Input:
• • •

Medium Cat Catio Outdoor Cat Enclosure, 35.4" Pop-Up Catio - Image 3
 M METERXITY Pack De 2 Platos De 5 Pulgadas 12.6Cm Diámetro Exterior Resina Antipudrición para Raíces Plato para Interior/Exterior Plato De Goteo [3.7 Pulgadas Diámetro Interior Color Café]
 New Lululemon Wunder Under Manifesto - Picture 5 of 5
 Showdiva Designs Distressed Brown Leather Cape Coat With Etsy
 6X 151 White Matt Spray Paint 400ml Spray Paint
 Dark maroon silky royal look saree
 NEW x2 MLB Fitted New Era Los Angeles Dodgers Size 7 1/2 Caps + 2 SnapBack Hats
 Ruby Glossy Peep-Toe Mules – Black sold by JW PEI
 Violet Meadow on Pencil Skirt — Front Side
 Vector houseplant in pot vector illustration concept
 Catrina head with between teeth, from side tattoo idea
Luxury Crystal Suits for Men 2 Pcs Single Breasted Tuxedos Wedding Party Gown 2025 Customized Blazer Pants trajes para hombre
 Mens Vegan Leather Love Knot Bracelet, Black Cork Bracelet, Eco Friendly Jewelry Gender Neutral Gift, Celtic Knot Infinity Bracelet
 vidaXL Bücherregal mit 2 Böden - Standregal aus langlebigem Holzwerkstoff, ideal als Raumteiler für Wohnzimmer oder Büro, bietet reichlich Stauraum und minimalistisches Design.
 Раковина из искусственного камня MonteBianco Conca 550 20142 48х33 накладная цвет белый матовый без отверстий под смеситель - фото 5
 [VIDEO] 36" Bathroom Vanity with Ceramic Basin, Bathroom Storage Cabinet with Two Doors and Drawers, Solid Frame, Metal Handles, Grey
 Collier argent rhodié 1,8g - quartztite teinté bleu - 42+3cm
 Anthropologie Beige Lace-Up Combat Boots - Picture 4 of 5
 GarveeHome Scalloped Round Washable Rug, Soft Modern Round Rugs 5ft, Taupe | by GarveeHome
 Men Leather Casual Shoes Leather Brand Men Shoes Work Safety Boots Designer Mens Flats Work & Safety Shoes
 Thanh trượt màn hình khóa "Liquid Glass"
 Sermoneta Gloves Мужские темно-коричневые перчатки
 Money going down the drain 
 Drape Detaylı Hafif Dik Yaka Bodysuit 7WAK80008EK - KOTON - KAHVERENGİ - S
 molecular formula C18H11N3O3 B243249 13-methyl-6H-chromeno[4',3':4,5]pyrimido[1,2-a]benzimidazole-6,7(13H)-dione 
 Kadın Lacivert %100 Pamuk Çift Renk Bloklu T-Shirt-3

• • •

Work required:
Throughout the records, the word "Black" shows up on certain lines. Report how many lines, with only the number.

Result of this exercise:
2